Greetings from Florida!
Would you believe that from the moment we convened two months ago until now, there has been no time to sit down and send out an update?
In the Everglades we worked from 9am to 10pm most days (bookended by a six mile bike ride to and from our campsite) improvising, creating scenes, doing research, exploring the landscape and having conversations (with a talking stick!) to tease out the world of the play. We needed to find the story that would ask the questions that kept emerging in our creative explorations—questions that revolved around: the effects of humans on the natural landscape, the imaginative world of plants and animals, the tourism and entertainment industries, mourning and death.
Our time in the Everglades was so special, in some ways, made more special by the government shutdown, which cleared the place out and allowed the volunteers to step in and help us with our research and creative inquiry.

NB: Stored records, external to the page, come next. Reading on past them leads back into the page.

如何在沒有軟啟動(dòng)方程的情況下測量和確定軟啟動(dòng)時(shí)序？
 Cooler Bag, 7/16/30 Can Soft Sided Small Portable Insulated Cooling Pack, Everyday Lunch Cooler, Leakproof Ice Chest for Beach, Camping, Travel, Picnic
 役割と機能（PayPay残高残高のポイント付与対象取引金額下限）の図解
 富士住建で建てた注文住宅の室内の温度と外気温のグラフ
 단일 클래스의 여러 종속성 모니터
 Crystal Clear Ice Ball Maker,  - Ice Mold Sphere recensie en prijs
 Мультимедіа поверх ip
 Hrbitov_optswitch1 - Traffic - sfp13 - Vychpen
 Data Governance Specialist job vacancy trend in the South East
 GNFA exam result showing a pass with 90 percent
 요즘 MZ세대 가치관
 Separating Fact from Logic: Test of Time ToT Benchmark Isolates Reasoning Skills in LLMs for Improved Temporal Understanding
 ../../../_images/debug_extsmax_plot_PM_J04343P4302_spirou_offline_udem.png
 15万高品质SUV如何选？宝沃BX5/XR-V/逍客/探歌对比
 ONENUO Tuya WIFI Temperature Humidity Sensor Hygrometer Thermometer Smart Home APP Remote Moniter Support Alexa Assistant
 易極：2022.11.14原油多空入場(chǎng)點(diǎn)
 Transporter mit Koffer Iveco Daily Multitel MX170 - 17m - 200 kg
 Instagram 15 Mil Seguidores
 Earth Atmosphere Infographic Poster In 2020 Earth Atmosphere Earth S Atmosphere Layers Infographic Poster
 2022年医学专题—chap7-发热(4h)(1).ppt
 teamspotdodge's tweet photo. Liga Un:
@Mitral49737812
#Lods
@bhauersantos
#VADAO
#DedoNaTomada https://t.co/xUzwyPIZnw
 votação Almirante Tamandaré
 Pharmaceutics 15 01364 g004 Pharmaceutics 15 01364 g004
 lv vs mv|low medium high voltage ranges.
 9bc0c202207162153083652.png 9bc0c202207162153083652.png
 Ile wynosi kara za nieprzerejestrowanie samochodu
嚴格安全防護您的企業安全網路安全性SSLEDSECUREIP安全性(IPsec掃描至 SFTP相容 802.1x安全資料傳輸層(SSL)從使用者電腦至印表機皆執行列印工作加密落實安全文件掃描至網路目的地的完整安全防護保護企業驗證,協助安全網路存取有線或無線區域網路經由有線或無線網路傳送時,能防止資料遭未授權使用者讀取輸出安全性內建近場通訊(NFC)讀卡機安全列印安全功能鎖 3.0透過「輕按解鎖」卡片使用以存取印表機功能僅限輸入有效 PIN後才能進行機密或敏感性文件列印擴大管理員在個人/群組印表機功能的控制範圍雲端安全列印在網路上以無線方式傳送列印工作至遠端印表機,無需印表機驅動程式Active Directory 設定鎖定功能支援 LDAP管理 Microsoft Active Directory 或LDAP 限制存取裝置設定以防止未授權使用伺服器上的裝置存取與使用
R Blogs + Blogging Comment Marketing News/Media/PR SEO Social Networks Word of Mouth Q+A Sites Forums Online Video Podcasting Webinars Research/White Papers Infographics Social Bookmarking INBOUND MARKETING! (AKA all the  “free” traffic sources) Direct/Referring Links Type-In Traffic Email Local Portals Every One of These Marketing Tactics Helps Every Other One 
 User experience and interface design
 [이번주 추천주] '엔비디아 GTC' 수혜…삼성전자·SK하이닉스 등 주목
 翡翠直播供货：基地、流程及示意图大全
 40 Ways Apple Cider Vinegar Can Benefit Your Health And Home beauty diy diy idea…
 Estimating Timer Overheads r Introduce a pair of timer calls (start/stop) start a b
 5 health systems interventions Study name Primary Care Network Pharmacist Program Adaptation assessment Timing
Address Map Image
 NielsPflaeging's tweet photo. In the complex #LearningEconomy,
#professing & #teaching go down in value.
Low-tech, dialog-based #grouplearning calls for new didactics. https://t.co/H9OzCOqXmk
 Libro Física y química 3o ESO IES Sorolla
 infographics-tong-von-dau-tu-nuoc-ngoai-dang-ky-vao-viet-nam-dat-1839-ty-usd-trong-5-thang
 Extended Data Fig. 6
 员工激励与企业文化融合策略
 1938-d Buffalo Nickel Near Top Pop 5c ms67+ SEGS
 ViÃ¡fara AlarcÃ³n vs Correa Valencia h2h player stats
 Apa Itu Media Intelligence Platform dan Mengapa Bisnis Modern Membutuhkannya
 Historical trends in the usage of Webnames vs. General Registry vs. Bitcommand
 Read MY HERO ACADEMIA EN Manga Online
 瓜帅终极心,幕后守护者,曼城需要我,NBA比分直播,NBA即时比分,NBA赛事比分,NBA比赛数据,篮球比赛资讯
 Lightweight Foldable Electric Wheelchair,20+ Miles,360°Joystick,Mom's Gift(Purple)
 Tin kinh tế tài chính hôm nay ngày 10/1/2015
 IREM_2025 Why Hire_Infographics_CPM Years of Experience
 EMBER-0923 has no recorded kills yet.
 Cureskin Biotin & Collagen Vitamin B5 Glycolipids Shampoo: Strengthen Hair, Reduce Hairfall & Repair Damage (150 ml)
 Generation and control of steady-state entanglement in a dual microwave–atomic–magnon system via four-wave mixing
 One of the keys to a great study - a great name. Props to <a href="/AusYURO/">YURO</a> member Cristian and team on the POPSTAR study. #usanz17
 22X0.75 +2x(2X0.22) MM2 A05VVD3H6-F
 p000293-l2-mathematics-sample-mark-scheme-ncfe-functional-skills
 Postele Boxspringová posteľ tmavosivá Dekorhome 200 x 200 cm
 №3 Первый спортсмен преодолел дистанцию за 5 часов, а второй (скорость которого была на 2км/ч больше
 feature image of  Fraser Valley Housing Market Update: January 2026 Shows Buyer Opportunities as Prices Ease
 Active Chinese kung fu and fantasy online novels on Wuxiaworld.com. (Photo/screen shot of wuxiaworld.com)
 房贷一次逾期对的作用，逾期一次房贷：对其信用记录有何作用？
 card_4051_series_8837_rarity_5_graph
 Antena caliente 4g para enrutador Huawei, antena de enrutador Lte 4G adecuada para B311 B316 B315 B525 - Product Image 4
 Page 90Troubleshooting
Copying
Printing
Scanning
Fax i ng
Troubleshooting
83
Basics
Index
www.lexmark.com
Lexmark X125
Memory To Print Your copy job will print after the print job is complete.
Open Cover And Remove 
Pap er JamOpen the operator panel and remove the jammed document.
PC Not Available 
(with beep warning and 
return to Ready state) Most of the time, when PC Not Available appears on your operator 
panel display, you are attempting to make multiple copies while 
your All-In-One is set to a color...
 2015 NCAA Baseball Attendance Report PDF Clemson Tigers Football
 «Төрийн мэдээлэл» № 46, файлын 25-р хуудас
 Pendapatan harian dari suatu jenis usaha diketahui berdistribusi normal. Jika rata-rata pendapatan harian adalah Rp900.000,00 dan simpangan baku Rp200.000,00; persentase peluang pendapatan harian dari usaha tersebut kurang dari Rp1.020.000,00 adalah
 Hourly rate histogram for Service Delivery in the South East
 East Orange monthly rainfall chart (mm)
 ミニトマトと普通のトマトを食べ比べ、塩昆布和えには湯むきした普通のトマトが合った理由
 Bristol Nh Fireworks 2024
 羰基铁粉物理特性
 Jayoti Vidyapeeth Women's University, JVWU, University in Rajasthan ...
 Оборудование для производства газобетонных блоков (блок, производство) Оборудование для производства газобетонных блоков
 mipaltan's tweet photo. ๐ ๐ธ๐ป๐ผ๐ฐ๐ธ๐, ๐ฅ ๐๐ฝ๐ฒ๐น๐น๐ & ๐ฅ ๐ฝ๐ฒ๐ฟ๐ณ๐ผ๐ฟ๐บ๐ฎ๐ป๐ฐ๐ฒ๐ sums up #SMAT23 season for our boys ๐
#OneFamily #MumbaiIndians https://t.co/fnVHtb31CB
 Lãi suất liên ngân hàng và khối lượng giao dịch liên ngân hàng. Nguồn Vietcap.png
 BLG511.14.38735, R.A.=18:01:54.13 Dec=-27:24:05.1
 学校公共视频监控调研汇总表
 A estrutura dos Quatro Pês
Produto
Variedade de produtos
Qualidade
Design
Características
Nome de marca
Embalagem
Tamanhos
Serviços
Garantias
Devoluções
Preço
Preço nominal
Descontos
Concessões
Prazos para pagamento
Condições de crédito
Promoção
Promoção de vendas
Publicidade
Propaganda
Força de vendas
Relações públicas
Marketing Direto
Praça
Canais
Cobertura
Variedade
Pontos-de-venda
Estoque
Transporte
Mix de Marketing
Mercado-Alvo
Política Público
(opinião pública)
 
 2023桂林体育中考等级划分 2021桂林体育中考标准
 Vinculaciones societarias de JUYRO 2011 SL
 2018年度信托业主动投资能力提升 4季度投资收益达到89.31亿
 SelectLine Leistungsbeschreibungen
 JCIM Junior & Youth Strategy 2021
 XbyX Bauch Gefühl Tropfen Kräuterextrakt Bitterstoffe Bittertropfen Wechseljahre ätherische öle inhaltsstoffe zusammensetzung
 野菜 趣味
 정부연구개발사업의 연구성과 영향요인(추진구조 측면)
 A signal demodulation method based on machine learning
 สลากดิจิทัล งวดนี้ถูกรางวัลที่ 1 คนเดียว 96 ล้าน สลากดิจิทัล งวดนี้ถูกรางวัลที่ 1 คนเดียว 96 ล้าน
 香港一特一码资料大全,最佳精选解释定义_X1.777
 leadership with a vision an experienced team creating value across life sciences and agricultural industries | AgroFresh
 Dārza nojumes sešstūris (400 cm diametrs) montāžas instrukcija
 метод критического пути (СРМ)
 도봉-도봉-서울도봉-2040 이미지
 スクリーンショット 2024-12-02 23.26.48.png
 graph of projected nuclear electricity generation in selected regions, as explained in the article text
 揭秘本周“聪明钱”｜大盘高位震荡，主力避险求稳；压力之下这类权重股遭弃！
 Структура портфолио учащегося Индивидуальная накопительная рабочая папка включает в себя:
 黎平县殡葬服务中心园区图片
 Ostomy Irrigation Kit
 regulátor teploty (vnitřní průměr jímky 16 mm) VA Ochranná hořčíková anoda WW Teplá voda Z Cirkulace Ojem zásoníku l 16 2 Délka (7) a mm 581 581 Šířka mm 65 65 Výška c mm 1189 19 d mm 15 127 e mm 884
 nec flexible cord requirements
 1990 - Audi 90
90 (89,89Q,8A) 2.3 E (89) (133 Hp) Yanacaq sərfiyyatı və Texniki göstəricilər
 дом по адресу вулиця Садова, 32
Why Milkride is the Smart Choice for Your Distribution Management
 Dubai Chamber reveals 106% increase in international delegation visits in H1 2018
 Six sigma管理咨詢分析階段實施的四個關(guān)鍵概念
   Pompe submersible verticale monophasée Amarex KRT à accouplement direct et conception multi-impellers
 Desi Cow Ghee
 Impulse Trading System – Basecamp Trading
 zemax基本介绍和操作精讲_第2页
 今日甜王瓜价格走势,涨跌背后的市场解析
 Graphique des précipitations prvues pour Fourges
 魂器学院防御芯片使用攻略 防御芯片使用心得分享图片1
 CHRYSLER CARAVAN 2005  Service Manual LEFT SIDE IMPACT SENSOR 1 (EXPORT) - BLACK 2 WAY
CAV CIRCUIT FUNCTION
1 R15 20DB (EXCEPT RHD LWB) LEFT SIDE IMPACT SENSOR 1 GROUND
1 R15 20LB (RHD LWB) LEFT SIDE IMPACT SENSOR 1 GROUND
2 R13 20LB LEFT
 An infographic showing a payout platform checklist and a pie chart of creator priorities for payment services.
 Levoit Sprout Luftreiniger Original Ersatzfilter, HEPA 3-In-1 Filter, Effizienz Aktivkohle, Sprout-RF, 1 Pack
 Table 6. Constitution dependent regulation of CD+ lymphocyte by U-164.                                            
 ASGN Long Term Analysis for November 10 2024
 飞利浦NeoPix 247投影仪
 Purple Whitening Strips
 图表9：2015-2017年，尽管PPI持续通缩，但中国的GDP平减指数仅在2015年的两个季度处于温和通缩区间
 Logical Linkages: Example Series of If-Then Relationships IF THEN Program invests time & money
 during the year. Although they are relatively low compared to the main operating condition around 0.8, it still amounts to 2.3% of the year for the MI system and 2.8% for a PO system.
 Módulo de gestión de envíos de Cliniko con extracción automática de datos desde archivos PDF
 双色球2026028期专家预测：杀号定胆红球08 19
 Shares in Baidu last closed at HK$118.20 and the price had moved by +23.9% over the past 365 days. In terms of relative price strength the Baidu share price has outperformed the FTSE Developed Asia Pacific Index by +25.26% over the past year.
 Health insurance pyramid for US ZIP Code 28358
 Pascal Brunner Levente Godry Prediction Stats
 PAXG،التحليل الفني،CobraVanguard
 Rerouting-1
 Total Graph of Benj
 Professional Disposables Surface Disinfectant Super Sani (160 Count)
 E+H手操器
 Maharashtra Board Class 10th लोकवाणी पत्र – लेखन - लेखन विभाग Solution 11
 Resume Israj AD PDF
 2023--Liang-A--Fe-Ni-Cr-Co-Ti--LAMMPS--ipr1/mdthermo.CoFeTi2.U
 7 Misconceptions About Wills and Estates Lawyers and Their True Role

Some favorite things about the Everglades included:
KENDRICK – The cypress domes
ASHLEY - Listening to distant bats in the lab
DARA – learning about the plants and animals – personal favorite: strangler figs
MIGUEL – meeting the rangers and volunteers and learning about their work
JOEL – watching the moon change position on our nightly bike rides
MICHAEL – biking by the birds every morning
JACKIE - creating compositions outside in the grass in our bare feet
JENNY - not being able to see outside at night without a flashlight
At the end of our time there, we were covered in bug bites and sleep deprived, but in our hands we held the rough draft of a script that we were all glowingly proud of. Sure there were confusing bits, and admittedly the ending was still rough, but the heart was there. And at our staged reading in the Long Pine Key Campground, the audience reacted to that heart enthusiastically.
Our play, Good Time Pedalers’ Preservation Carnival, tells the story of a bike-touring theater company that travels a future Florida landscape teeming with alligators, mosquitos, and sawgrass (very meta!). The “carnival” they bring glorifies America’s former “Age of Abundance” and offers a distraction from the battle against the elements that Florida living has become.
But after the “pedalers” lose Nonna Harmonia, their founder and matriarch, they question whether to continue in the name of tradition, or to evolve their show to respond to the changing needs of the world they find themselves in.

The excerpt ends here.